Who’s Transparent Now?

With much fanfare, the National Archives today  released 11,000 pages of Hillary Clinton’s schedules from her eight years as first lady. Mark Halperin instantly reported that there was no “smoking gun” among the papers. (What would constitute a smoking gun? Meetings with lobbyists? ” 3:45 p.m.: Cover up land deal “?) The most curious revelation has been that Hillary was in the White House on the day of the famed “blue dress” incident. Also—surprise surprise—Clinton got face time with people who are now superdelegates. But beyond that, slim pickings so far.

The Clinton campaign was quick to turn this into a “challenge” for Obama. They urged him “to release relevant documents and information from his tenure in the State Senate relating to his schedule, to memos, to letters that he may have written to state agencies perhaps on behalf of Mr. Rezko or others.”

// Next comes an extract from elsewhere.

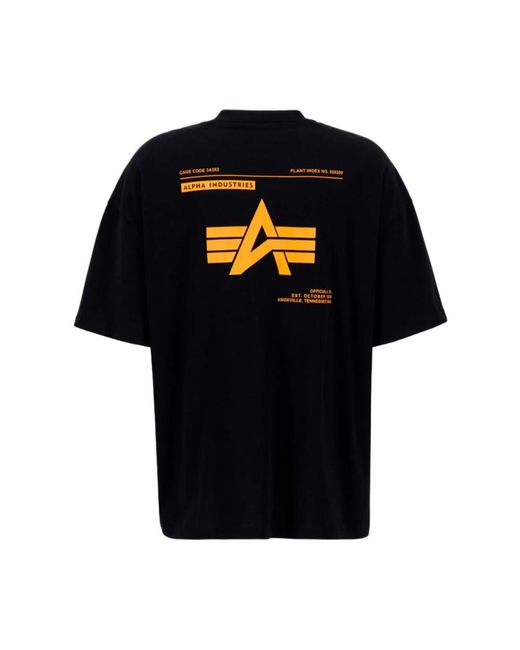 Alpha Industries Bedrucktes oversized t-shirt in Black für Herren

We’ve seen this movie before: Candidate stonewalls against some reform, finally gives in, then denounces opponent for failing to adopt same reform. (Remember how John Edwards spun taking public funds into a virtue?) So, of course Clinton is now casting herself as the transparency candidate. But how valid is that? Here’s a quick comparison of their records on disclosure:

Tax Returns: Clinton released her tax returns from the White House years when she was running for her Senate seat and challenged her opponent to do the same. But her tax returns since 2000 are still private, and neither she nor her surrogates have provided satisfying answers as to why. (When Bill Clinton was running for president in 1992, he released records from as far back as 1980, but refused to release those from 1978 to ‘79.) Obama has released his tax returns every year since 2004.

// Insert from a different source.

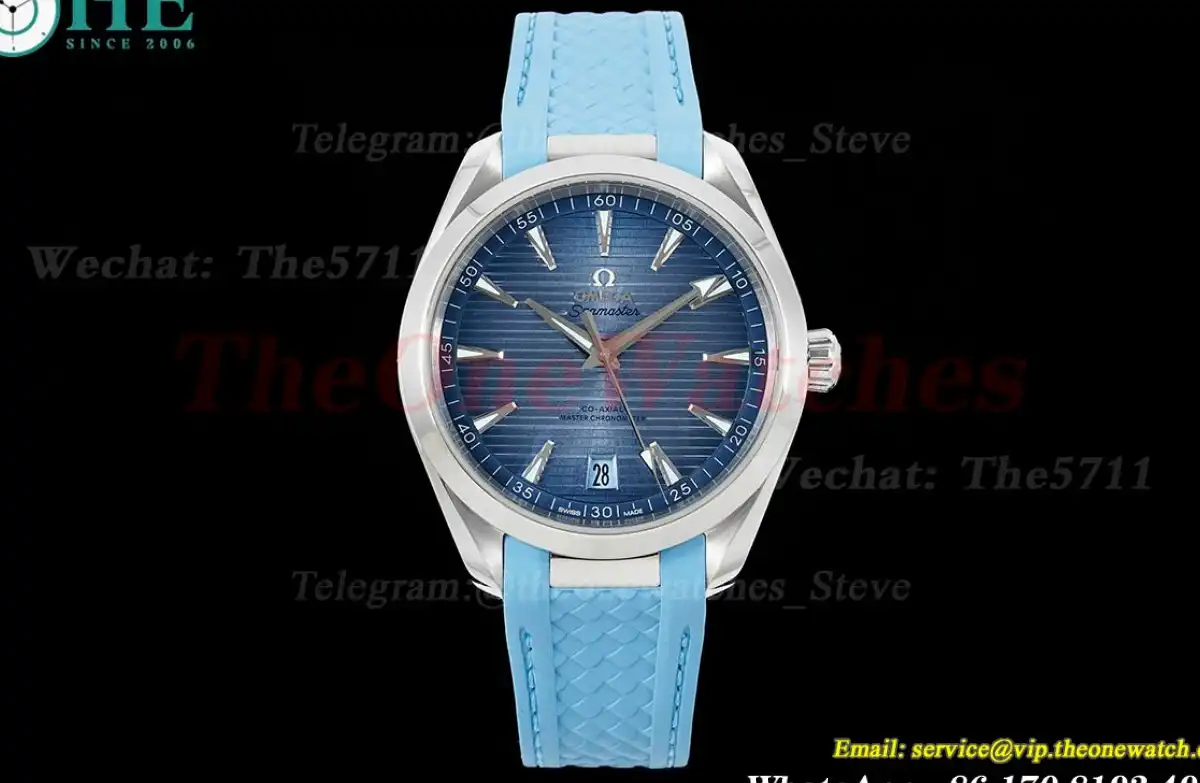 Aqua Terra 150m 41mm SS RU Dark Blue Dial VSF A8900 Super Clone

Earmarks: Last week Obama released a list of earmarks he had requested for Illinois since becoming a senator. Clinton has not followed suit.

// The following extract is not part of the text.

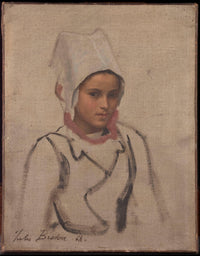 Head of a young Breton, study for Pardon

Fundraisers: In January, Chicago Sun-Times reporter Lynn Sweet successfully pressured the Obama campaign to include more fundraisers on his public schedule. But that only includes those held at public venues like hotels, not private homes. Clinton has not opened fundraisers to reporters.

Donors and bundlers: Obama’s campaign lists the names of bundlers—people committed to raising more than $50,000—on its Web site but doesn’t include cities or states to go with the names. In February, Clinton’s campaign let reporters listen in on a highly staged conference call with major donors.

Personal papers: Now that Clinton has released her personal schedule from the White House years, she’s urging Obama to release his own from his years in the State Senate. When asked about the whereabouts of his pre-2004 records, Obama said he “didn’t have the resources to ensure that all this stuff was archived in some way…. [I]t could have been thrown out.”